Credit Suisse may liable for a $2 billion payment to bondholders, in a fraud case more than a decade old.
Credit Suisse Group AG (NYSE:CS) might owe as much as $2 billion relating to a fraud case against the defunct National Century Financial Enterprises. That firm collapsed in 2002 after investors discovered they had hidden huge cash flow shortfalls. The collapse caused investors more than $2.6 billion, and caused the collapse of more than 250 health care companies.
If the company were to be found liable for the sums, it would deliver a serious blow to the firm’s business. The company is already cutting staff members worldwide, and selling parts of itself off, there have even been rumors that the bank might split itself up, in order to rationalize its business model and return value to investors.
Now a Federal judge says that Credit Suisse Group AG (NYSE:CS), who acted as a placeholder for many of the notes issued by National Century, may be responsible for the losses of investors in the company. The claims against the bank amount to $1.5 billion, but if the money were awarded to the plaintiffs, CS might have to pay interest on the sum, bringing the total closer to $2 billion.
The collapse of National Century Finance was one of the most financially significant frauds in American history, but was just one of many similar cases to hit financial institutions in the early years of the twenty first century. The company’s former CEO, Lance Poulsen, is currently serving a thirty year jail term for his involvement in the fraud.

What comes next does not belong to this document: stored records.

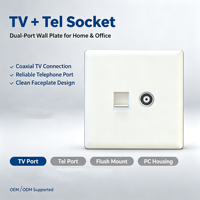 Prise murale combinée TV et téléphone OEM personnalisée, type 86, blanche, vente en gros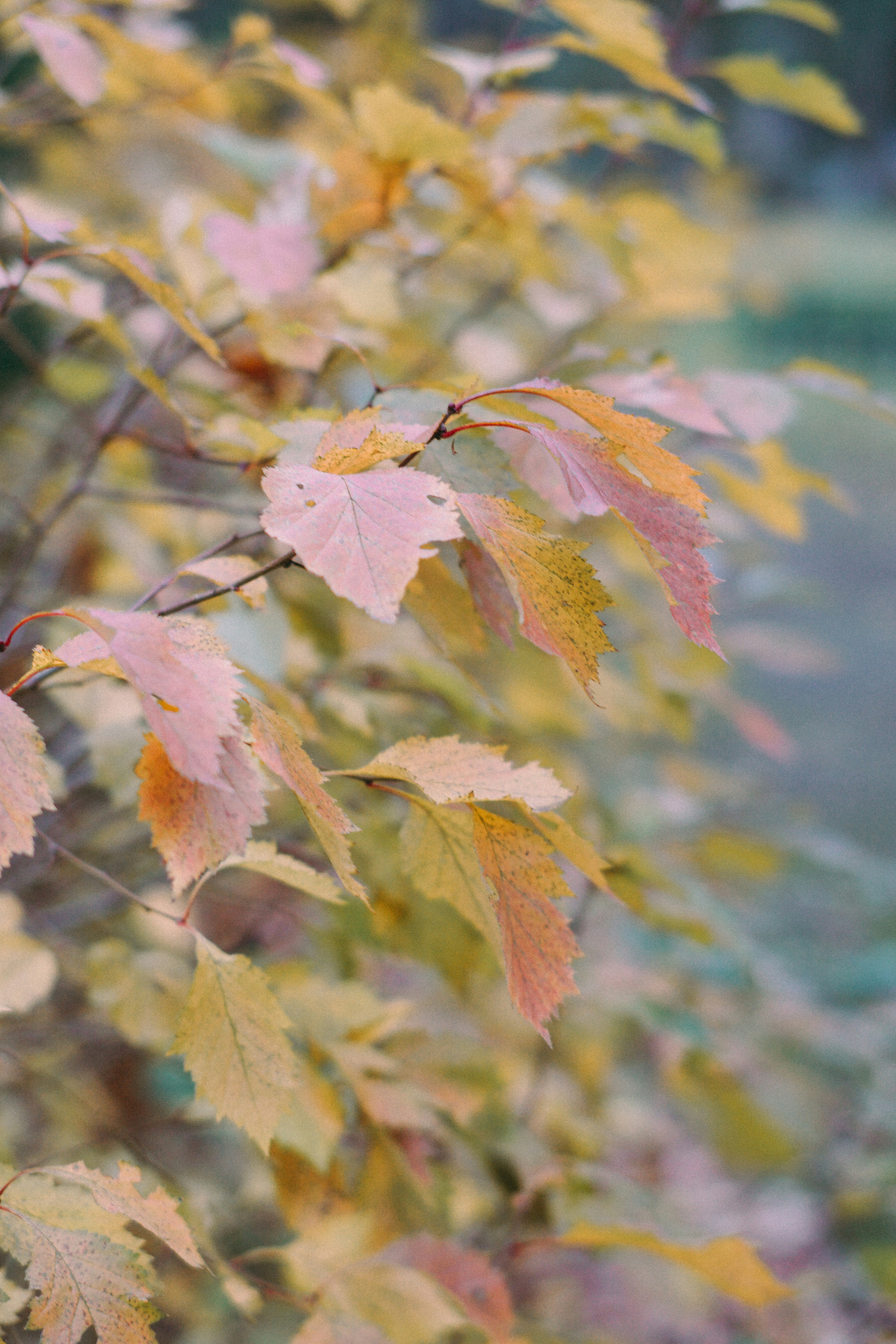 Photo by dashakrotiphoto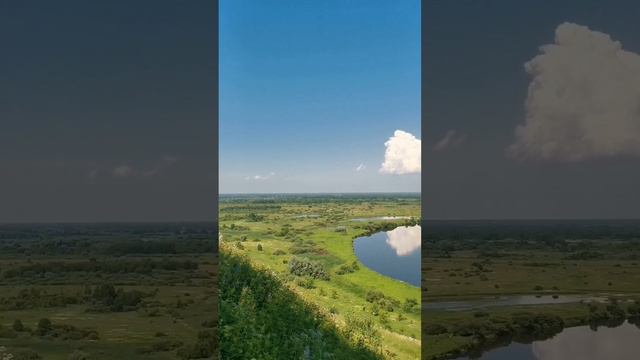 Дорога домой!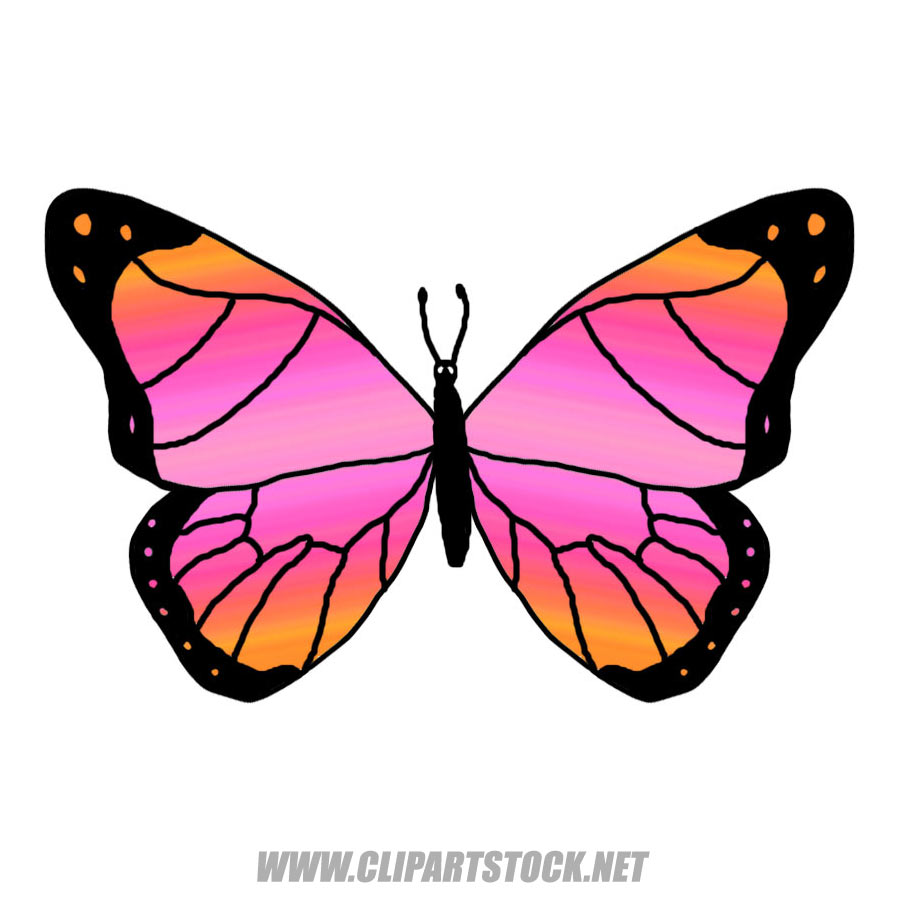 Cartoon Butterflies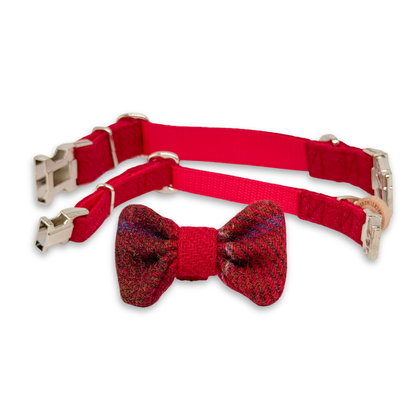 FLOCKE in Kaminfeuer - Harris Tweed® Halsband-Set mit Fliege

Credit Suisse Group AG (NYSE:CS) is, aside from Poulsen, the only remaining defendant in the case. The company was hoping the court would rule that they did not have any liability in the case. It was ruled, however, that if a jury saw the firm as responsible for the losses of bondholders, it would be liable for the return of the money to investors.
When the bondholders, which include other huge financial institutions like Lloyds Banking Group PLC (NYSE:LYG) (LON:LLOY) and Allianz SE (FRA:ALV) (ETR:ALV), bring the case against Credit Suisse, it will be up to a jury to decide whether or not the bank is in fact liable for the losses of bondholders.
The National Century Financial Enterprises collapse, and subsequent case load, highlights the difficulties inherent in fighting financial fraud and recouping losses from such fraud. It’s no wonder that regulators sometimes simply give up, like in the HSBC money laundering case late last year, though that might offer little solace to most.
National Century financial Enterprises specialized in providing finance to the healthcare industry, and its collapse brought the collapse of many in that business. The fraud perpetrated by the com pay’s executives is still resisting the untangling efforts of the courts, and it may be a long time yet before the whole mess has been sorted out.
The situation is a reminder of the amount of time it will take to sort out the financial losses, and cases of malfeasance, from the 2008 financial crisis. Many of those cases are still ongoing, and will continue for years to come. they are sure to be joined by related legal action, in court battles likely to outlast this decade.
Credit Suisse Group AG (NYSE:CS) shares were down by a fraction in the market today on news of the ruling. The likelihood, and magnitude, of a ruling against the company in this case is as of yet unknown; the ruling in today’s reports have done little to sway the image of the company in the minds of investors.